We must define some entity references to be parsed in our external system. Normally, all text string of elements are escaped on output to XML string:
from lxml import etree
root = etree.Element("root")
sub = etree.Element("sub")
sub.text = "&entity;text"
root.append(sub)
print etree.tostring(root)
'<root><sub>&entity;text</sub></root>' # I want to get without escaping
I found lxml.etree.Entity
class is useful for this purpose.:
root = etree.Element("root")
sub = etree.Element("sub")
entity = etree.Entity("entity")
entity.tail = "text"
sub.append(entity)
root.append(sub)
print etree.tostring(root)
'<root><sub>&entity;text</sub></root>'
However, if we set text with entity reference to value of attribute, it fails:
root = etree.Element("root")
sub = etree.Element("sub")
entity = etree.Entity("entity")
entity.tail = "text"
sub.attrib["foo"] = entity
---------------------------------------------------------------------------
TypeError Traceback (most recent call last)

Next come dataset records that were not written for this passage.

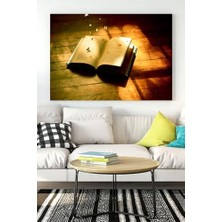 Mabeyn (PSTER16638) Sanatsal Kitap Kanvas Tablo 40 x 60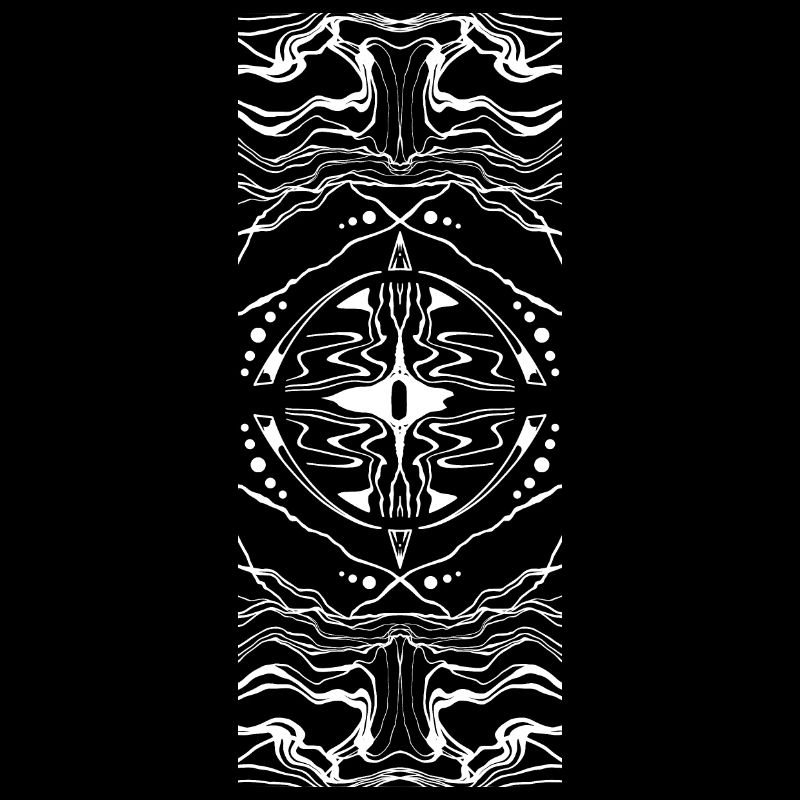 Tribal Abstract Pattern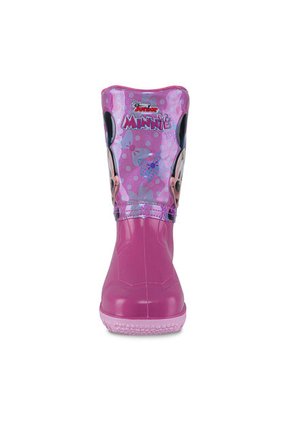 Botas Lluvia Minnie Sulaima Fucsia-Rosa Disney Para Niña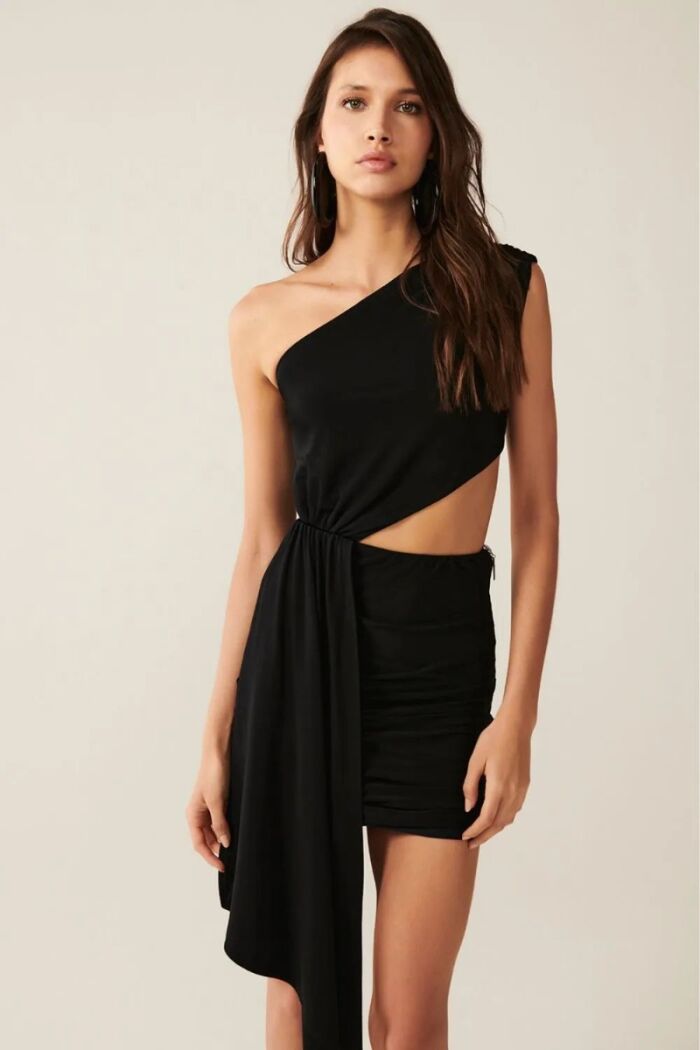 Imagem de Vestido Karina Preto Le Blog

<ipython-input-52-62cb8ef3a9a6> in <module>()
----> 1 sub.attrib["foo"] = entity
lxml.etree.pyx in lxml.etree._Attrib.__setitem__ (src/lxml/lxml.etree.c:58775)()
apihelpers.pxi in lxml.etree._setAttributeValue (src/lxml/lxml.etree.c:19025)()
apihelpers.pxi in lxml.etree._utf8 (src/lxml/lxml.etree.c:26460)()
TypeError: Argument must be bytes or unicode, got '_Entity'
What I want to get is like:
<?xml version='1.0' encoding='utf-8'?>
<!DOCTYPE foo [
<!ENTITY ent "entity" >
<!ENTITY aaa "aaaaaa" >
]>
<foo>
<sub bar="&ent;bas">&aaa;bbb</sub>
<foo>
How can we define generator for that?